EURUSD:
The EUR/USD exchange rate experienced a modest uptick on Tuesday, breaking a two-day losing streak and achieving last-minute gains before the Trump administration’s wide-ranging ‘retaliatory’ tariffs are scheduled to take effect on 9 April. Speeches from key Fed policymakers have begun to clash with growing market expectations for Fed rate cuts before the end of 2025, placing markets on a collision course with the negative consequences of far-reaching tariffs.

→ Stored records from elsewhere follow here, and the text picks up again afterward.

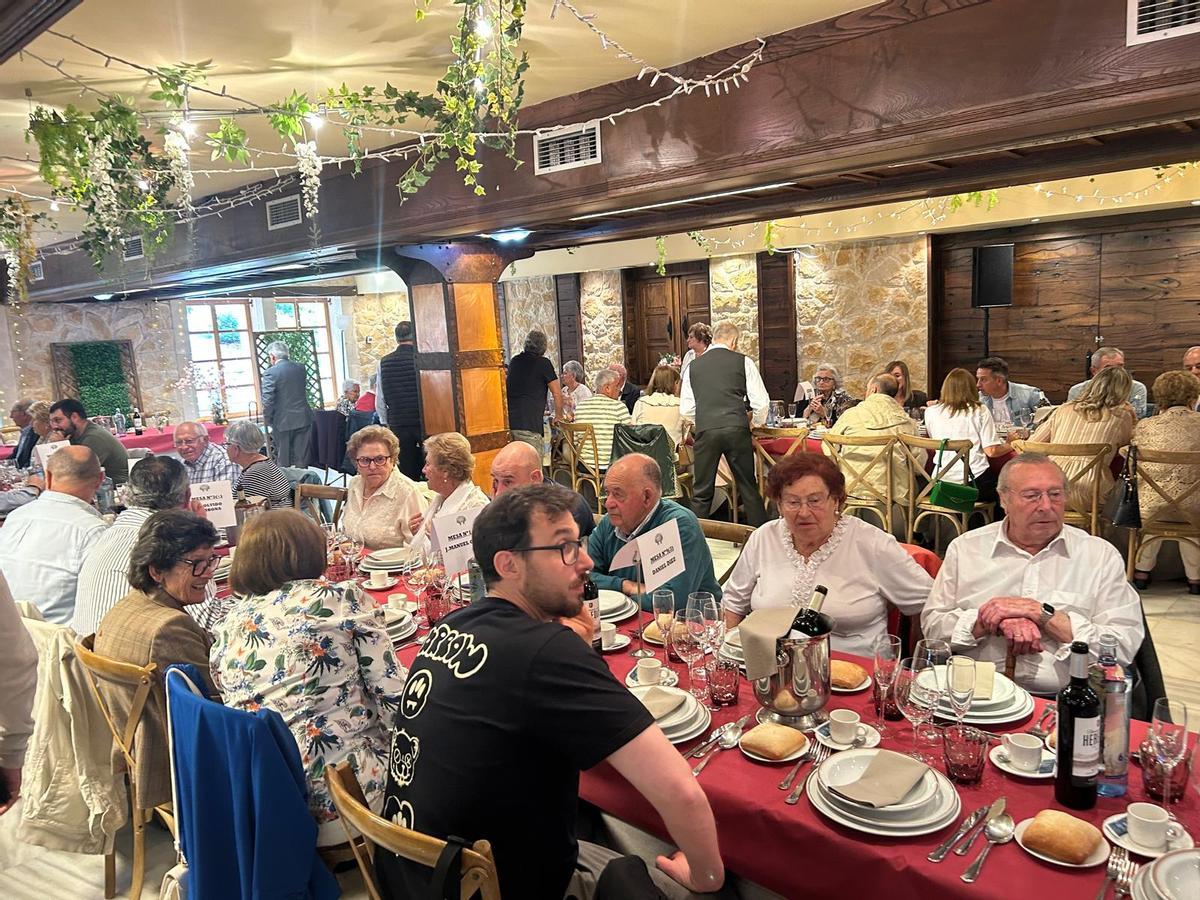 En imágenes: comida anual y reconocimiento de socios del Hogar del Jubilado de El Berrón.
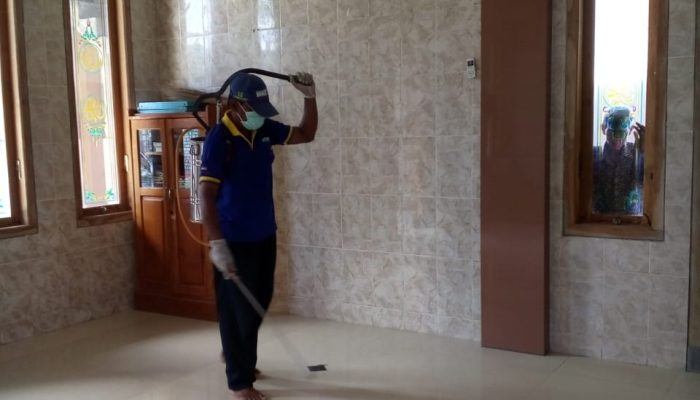 Cegah Virus Korona, Perangkat Desa Kompak Lakukan Penyemprotan Desinfektan
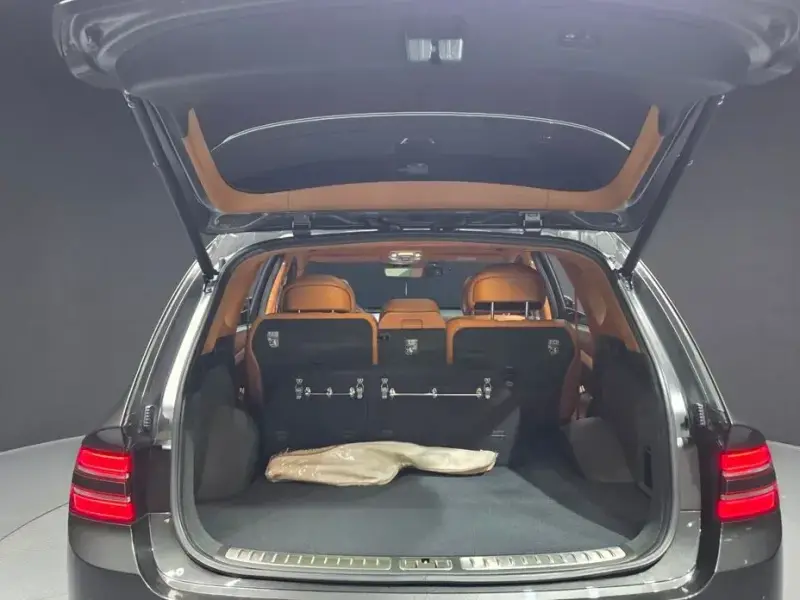 2023 Genesis GV80 с пробегом 61 051 км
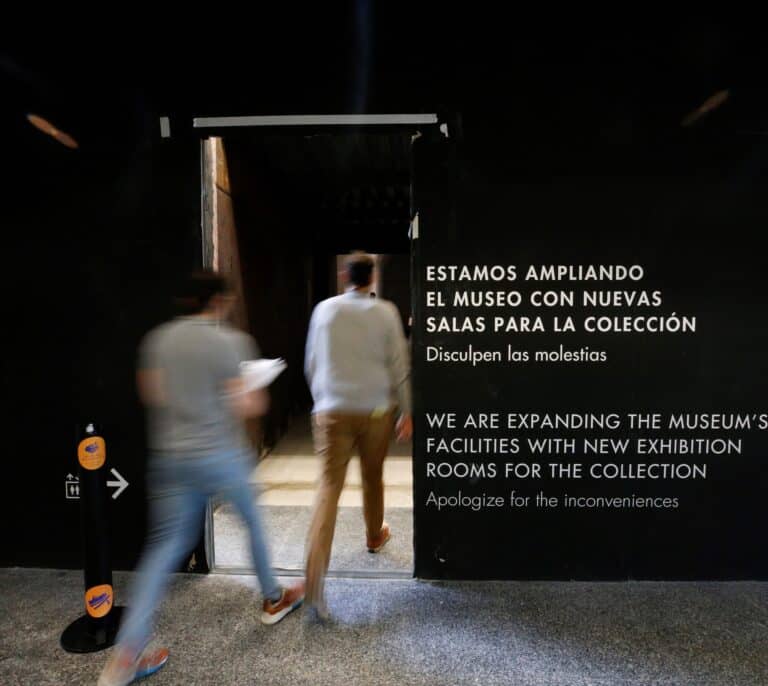 El Reina Sofia recupera el edificio Sabatini para contar la era de Trump o la pandemia del coronavirus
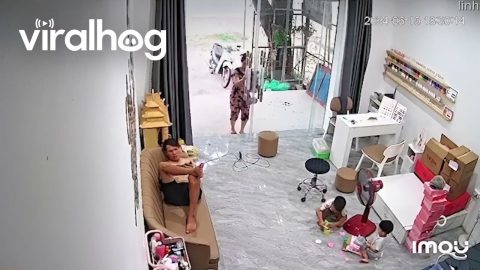 Glass Door Shatters Without Warning || ViralHog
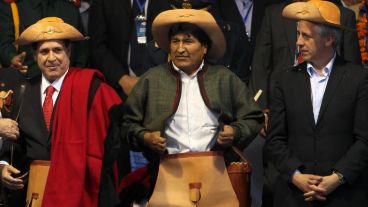 Con críticas y explicaciones, el video que protagoniza Evo Morales (en el centro) se viralizó en pocas horas.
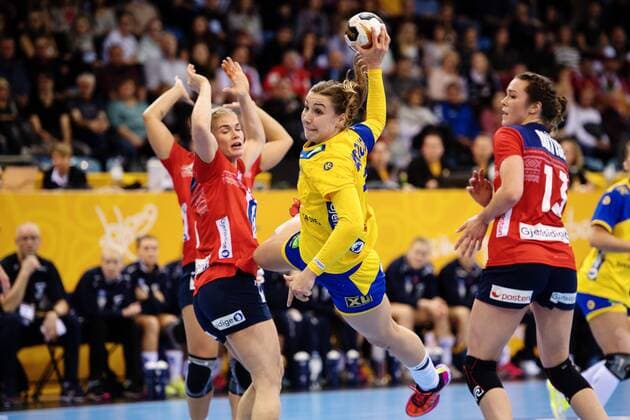 Handball, WM Damen, Norwegen - Schweden 171208 Sveriges Anna Lagerquist bryter igenom mot Norges Kari Brattset i matchen mellan Norge och Sverige under handbolls-VM den 8 december 2017 i Bietigheim Bissingen. Copyright: CARLxSANDIN BB171208CS045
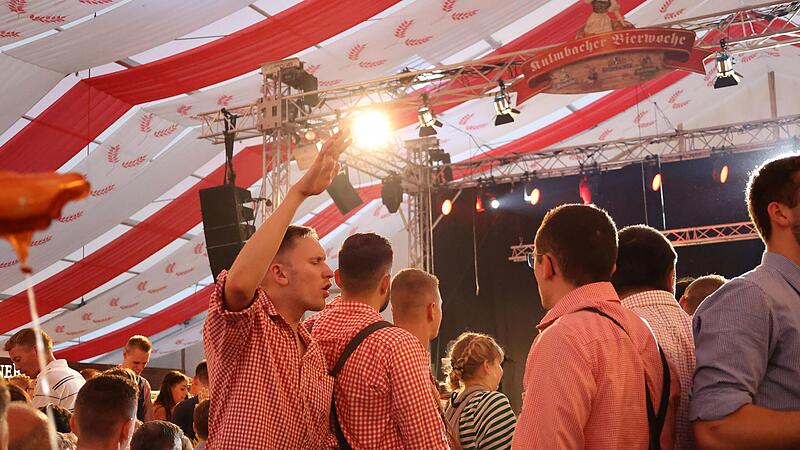 Nicht nur die Bierfest-Besucher hatten ihren Spa&szlig; im Stadel, auch das Coronavirus konnte sich dort austoben.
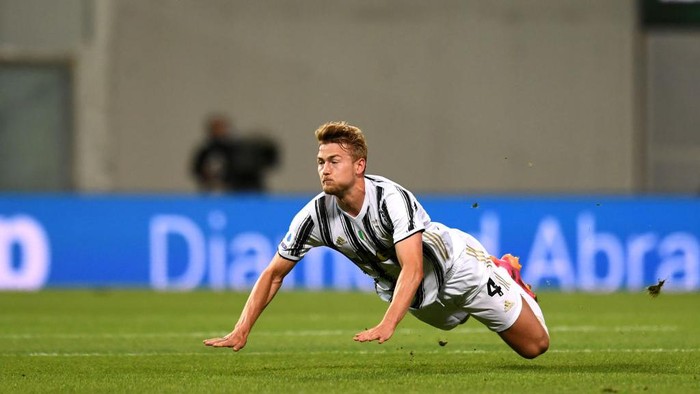 BARCELONA, SPAIN - DECEMBER 08: Matthijs de Ligt of Juventus runs with the ball during the UEFA Champions League Group G stage match between FC Barcelona and Juventus at Camp Nou on December 08, 2020 in Barcelona, Spain. Sporting stadiums around Spain remain under strict restrictions due to the Coronavirus Pandemic as Government social distancing laws prohibit fans inside venues resulting in games being played behind closed doors. (Photo by David Ramos/Getty Images)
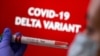 Răspândirea variantei Delta a coronavirusului, mult mai contagioasă, și numărul mic de persoane vaccinate este principalul pericol semnalat de epidemiologii români pentru această toamnă. (Imagine generică)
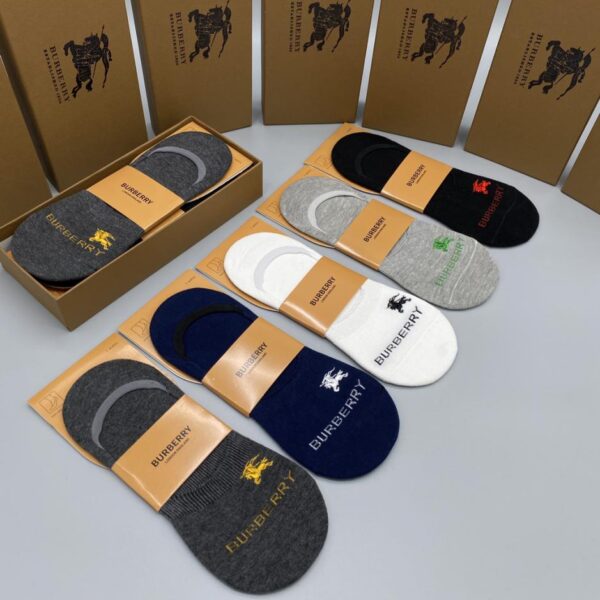 designer,replica,clothing,fake,1:1,lv,luxury,high quality Burberry invisible socks, antibacterial, sweat-absorbent and anti-odor, five pairs in a box (A960)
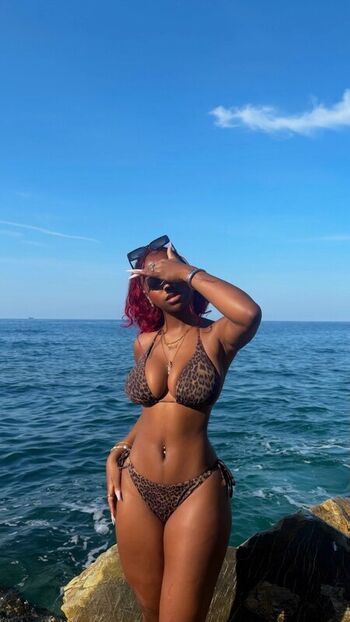 Leaked Camilleownsyou private photo viral onlyfans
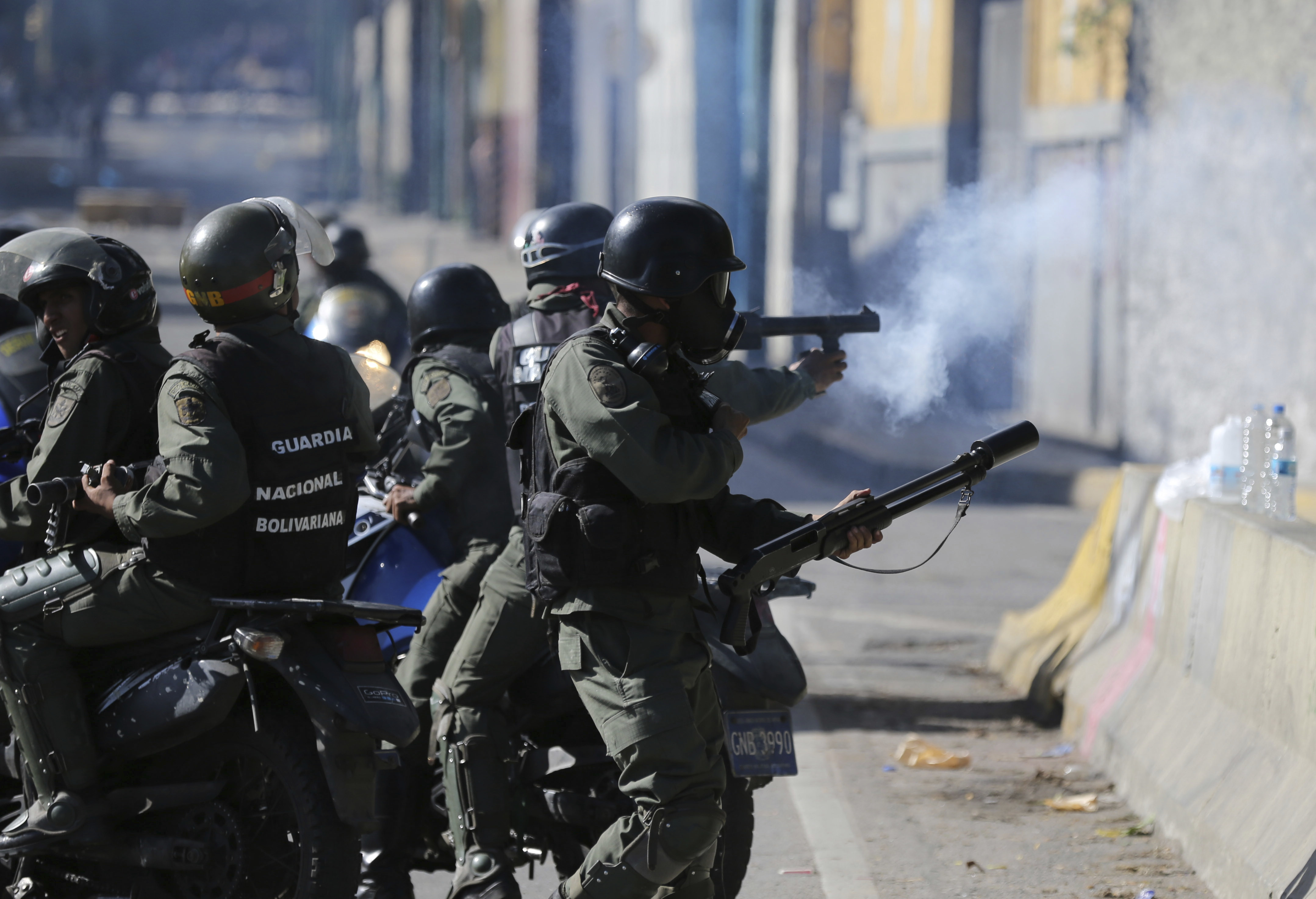 Llano ha captado imágenes tanto del lado de los oficiales como desde la perspectiva de los manifestantes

Overall, this week’s European economic data calendar is not overly busy, with Tuesday providing a respite from the usual barrage of geopolitical and trade news that has characterised the final weeks of the Trump administration. However, several important Federal Reserve (Fed) officials have highlighted that uncertainty and the negative inflationary impact of US tariffs will make it harder, not easier, for the Fed to cut rates.
Despite this, traders are increasingly speculating that the Fed will be compelled to initiate a rate-cutting cycle before the end of the year, as negative economic consequences from the same tariffs could potentially trigger a U.S. recession. Data from the CME’s FedWatch tool shows that swap traders are beginning to speculate that a quarter-point rate cut could come as early as May. However, most rate market participants still see a 25 basis point rate cut in July as more likely, expecting a total cut of 100 basis points or more by the end of the year.
Consumer Price Index (CPI) data is scheduled for release on Thursday, followed by Producer Price Index (PPI) and University of Michigan (UoM) Consumer Sentiment Index on Friday. This will be the final set of significant US inflation and sentiment data for the ‘pre-tariff’ period of 2025, which will be crucial benchmarks for the rest of the year.